What a cricket lost under the ashes and which lives
Long melancholy in the depths of so many winters.
A strong rigor follows. Because the poet defends himself from any alloy. He must be, contrary to the common adventure, timid in his dreams, bold in reality. Because :
There is no vagueness that does not conceal
The brutal outline of a stone.
It is a rigor so sensitive that it sometimes resembles anger: a virile and without outburst anger.

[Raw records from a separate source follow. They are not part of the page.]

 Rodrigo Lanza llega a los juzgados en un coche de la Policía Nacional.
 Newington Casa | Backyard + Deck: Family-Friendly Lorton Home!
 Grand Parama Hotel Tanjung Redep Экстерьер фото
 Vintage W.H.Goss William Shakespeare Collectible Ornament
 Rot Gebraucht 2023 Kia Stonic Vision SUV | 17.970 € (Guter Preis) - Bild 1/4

Amazing deified paltoquets fall
Descend into the velvety abyss, from where never
Only lifts the heavy brain...
However, baroque poetry, threatened by too many dangers, must be precise and strict. It is never improvised, but it is discontinuous; she has neither the long leashes nor the coherence of the classical or romantic poets. His poem sometimes has the appearance of a story:
Even in the desert we see these slugs
Covered with a transparent shell
The forests thickened, they were set on fire...
Elsewhere she uses certain tricks which before her only belonged to prose:
His colorless, somewhat faded life
From a sentimental point of view, of course.
It also happens that through care that she slips into preciousness and mannerism. And certain poems from Paysage cruel or Demeures are close to jumbles and bagnaudes:
There are so many leaves that turn
Nits, in the hollows to rot
Who can see again as he was
The being who put him in trances? ...
Sometimes too, we think of Rutebeuf (if Rutebeuf had known physics and psychoanalysis): it is the same naturalness in the alert and, in the confession, the same alarming rigor:
On living cards, queens and kings
Moving gently, we could hear their voices.
I say to my partner, have you seen that?
But she turns away and tells me to shut up.
Moreover, the Baroque offers some glorious names: in philosophy, Zeno, Kierkegaard; in the novel, Swift, Bernardin de Saint-Pierre, Jarry. In poetry, Persia, d'Aubigné, John Donne...
These are men and we are tempted to add that with Édith Boissonnas it is finally the voice of a woman that we hear. Then we realize that it is any human who tells us in his poems what any human had not yet said. There is an astonishing word from Charles Lamb about this poet, Shakespeare, who is not so far from the Baroque: “Shakespeare resembled all men except in that he resembled all men.”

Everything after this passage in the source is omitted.